24.5.13

"Sözcükler sürer yüzüne/Gül cezası"

Nilgün Marmara'nın Kırmızı-Kahverengi Defter'ini pdf olarak bana Dilek yollamıştı, çok oldu. Dün biz Alsancak'ta Arkadaş Zekai Özger'i anarken birileri ölmeye devam etti. Sonra ben eve döndüm.
Ben Gül Mevsimidir'i okuyamıyorum Gonca. İtalik harflerle karşılaştığımdan beri bir türlü okuyamıyorum. Üzgünüm. Belki sonra,                    belki sonra,                   belki sonra...
diyerek ne çok kitaplar yarım bıraktık.
Anlattığın şeylere alamadığın cevapları bekliyorsun, bu biraz sıkıcı bir iş oluyor.
Ben aslında daha da yazardım, hem de nasıl yazardım, hala da eksik kalan şeyler vardı, mesela daha çok aşağılamalıydım kendimi, öyle ya, hep seni mi üzmeli? Ama bu yazıp çizme işi bağımlılık yaratmaya başlayacak ve ben o 80 sayfanın her bir milimetre karesini doldurduktan sonra ya yeni bir defter alma ihtiyacına düşecek, ya da günlük rutinlerde bir aksaklık, bir boşluk hissedecektim. Bazen kesip atmalı.           Sonra sana onu vermenin bir anlamı kalır mıydı? Şimdi oldu mu? Bilmiyorum. Söz konusu sen olunca, emin olamıyorum, emin olamıyorum söz konusu sen olunca, sen, sen, sen...

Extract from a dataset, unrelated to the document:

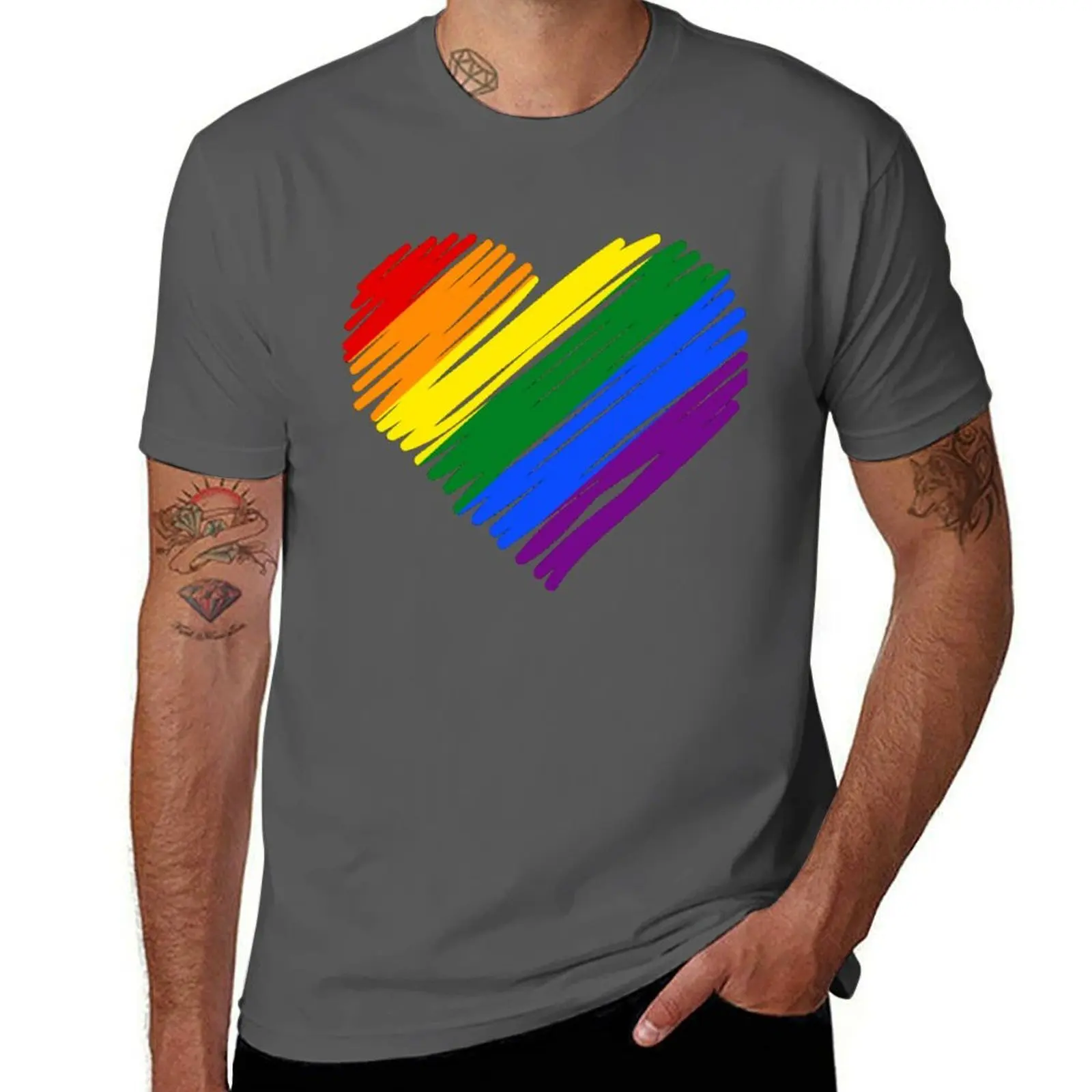 Rainbow Heart T-Shirt Big Size Short Sleeve Casual Top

Sen, incelikle işlenmiş beyaz bir mermerden yapılma heykel gibisin. Öylece bütün gün ne kadar özenli yapında seyir etmek. Ama estetik zevklere pezevenk midir heykeltıraşlar yani? Zaten böyle bir şeyi istemek zır delilikse de sen çekmedin mi saatlerce saatlerce yürüyen ve giyinen ve soyunan ve çimenlerde yatıp uzanan bir Dengesizin filmini? Bir de efendi, bir de kaba, bir de pornografi öz anlatılar izletmiştin, hatırladın mı?
Oysaki neler izletmiştin.
Şimdi hala, yıllar yıllar sonra, bütün bunlar hakkında, birdenbire gibi görünen ama değil, konuşmalar niye? Aslında külliyata baksan ayak bileğin kendine takılır.
Benden bir şey isteme!                          din ki........................ İsteseydin, keşke isteseydin.

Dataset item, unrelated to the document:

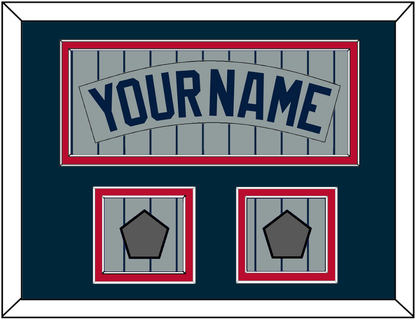 Minnesota Nameplate & 2 World Series Patches - Road Gray Pinstripes (1987-2009) - Signature Tier 3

Bir yerde Besame Mucho çalıyorsa aklıma Tezer Özlü gelir ama, çalmasına da gerek yoktur hani. Ben hiç tanımadığım o kadını özlüyorum. Belki tanışsam hiç sevmezdim. Ne bileyim. Nereden bilebilirim ki? Kuş Yuvası'nda bir ağacın altında imiş mezarcağazı. O kadar yazar şair aynı yerde! Sağcısı, solcusu, eşcinseli, militaristi, Kürdü, Hicazkarı. Hicaz karı. Hicaz kanı. Belki de asıl barış mezarlıklardadır. İnsan soluk alabiliyorsa kınayabilir, ayırabilir, üzebilir gibilerinden şeyler.
Her yaşlı, bende yaşanmış seksler anımsatıyor. Merak ediyorum, nasıl? Bak hep bunlar bilinmeden bir sürü babaanne toprak altında şimdi. Halbuki bir zamanlar etine dolgun ve sıcaktılar. İsteyerek ve istemeyerek hamile kaldı çoğu, dünya nüfusuna katkı...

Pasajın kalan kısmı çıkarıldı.